Prior Support Knowledge-Aided Sparse Bayesian Learning with Partly Erroneous Support Information

TL;DR

This paper introduces hierarchical Bayesian models and algorithms to improve sparse signal recovery when prior support information is partly incorrect, enabling automatic correction of support errors.

Contribution

It proposes novel hierarchical Bayesian models that adaptively learn true support despite erroneous prior support knowledge, enhancing sparse recovery performance.

Findings

The models outperform existing methods in support recovery accuracy.

The algorithms effectively correct support errors during learning.
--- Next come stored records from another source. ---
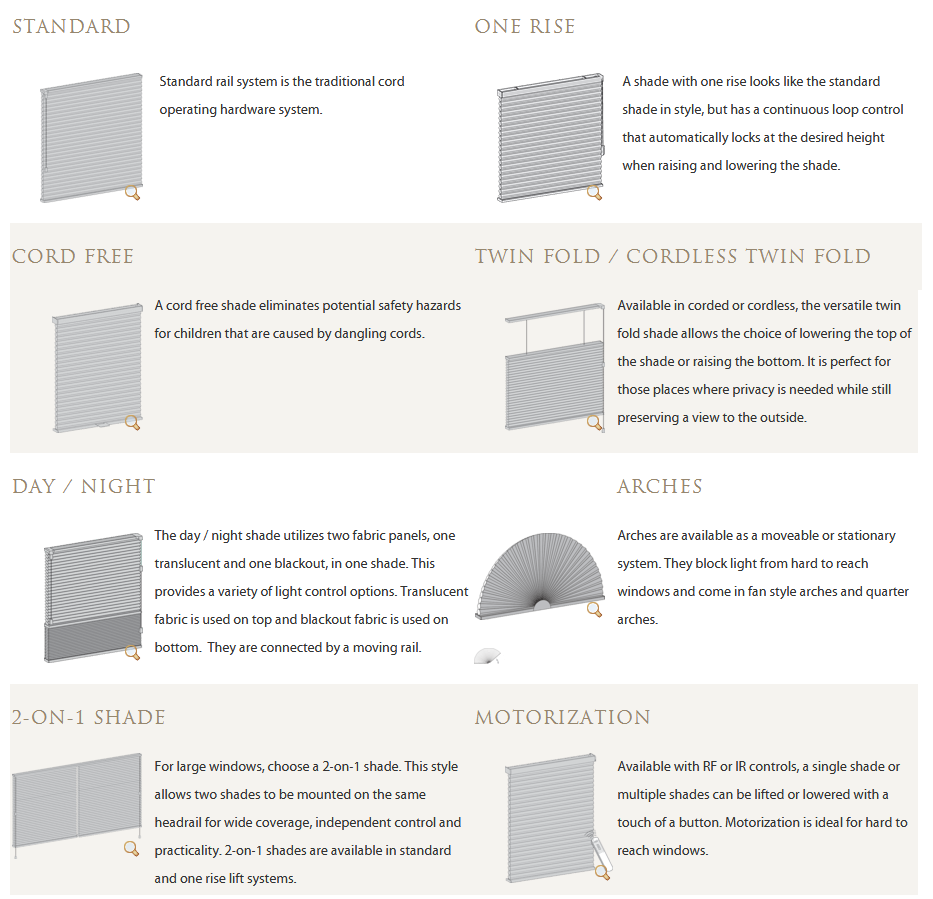 Honeycomb Shade Options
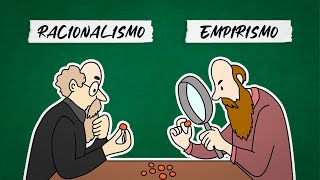 Racionalismo x Empirismo resumo  FILOSOFIA [upl. by Emelen]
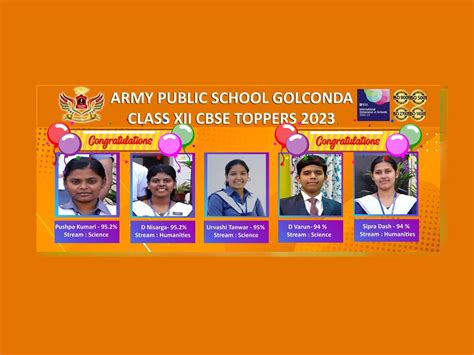 Army Public School Golconda Cradle Of Inspiration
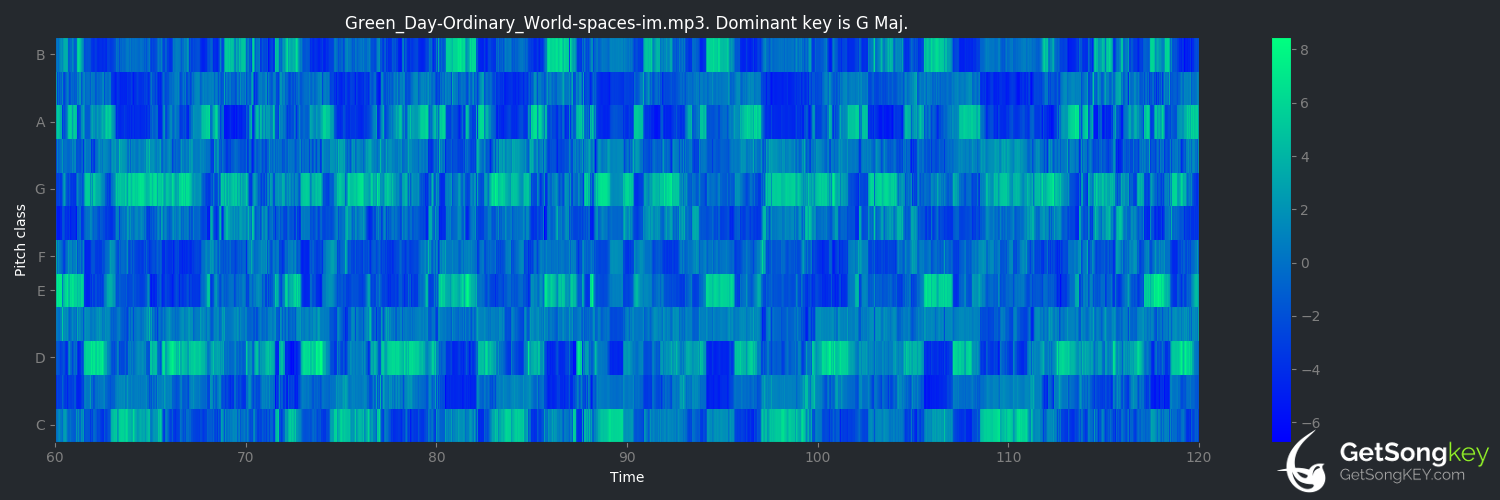 song key audio chart for Ordinary World (Green Day)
Numerical results demonstrate robustness to support inaccuracies.

Abstract

It has been shown both experimentally and theoretically that sparse signal recovery can be significantly improved given that part of the signal's support is known \emph{a priori}. In practice, however, such prior knowledge is usually inaccurate and contains errors. Using such knowledge may result in severe performance degradation or even recovery failure. In this paper, we study the problem of sparse signal recovery when partial but partly erroneous prior knowledge of the signal's support is available. Based on the conventional sparse Bayesian learning framework, we propose a modified two-layer Gaussian-inverse Gamma hierarchical prior model and, moreover, an improved three-layer hierarchical prior model. The modified two-layer model employs an individual parameter $b_i$ for each sparsity-controlling hyperparameter $\alpha_i$, and has the ability to place non-sparsity-encouraging priors to those coefficients that are believed in the support set. The three-layer hierarchical model is built on the modified two-layer prior model, with a prior placed on the parameters $\{b_i\}$ in the third layer. Such a model enables to automatically learn the true support from partly erroneous information through learning the values of the parameters $\{b_i\}$. Variational Bayesian algorithms are developed based on the proposed hierarchical prior models. Numerical results are provided to illustrate the performance of the proposed algorithms.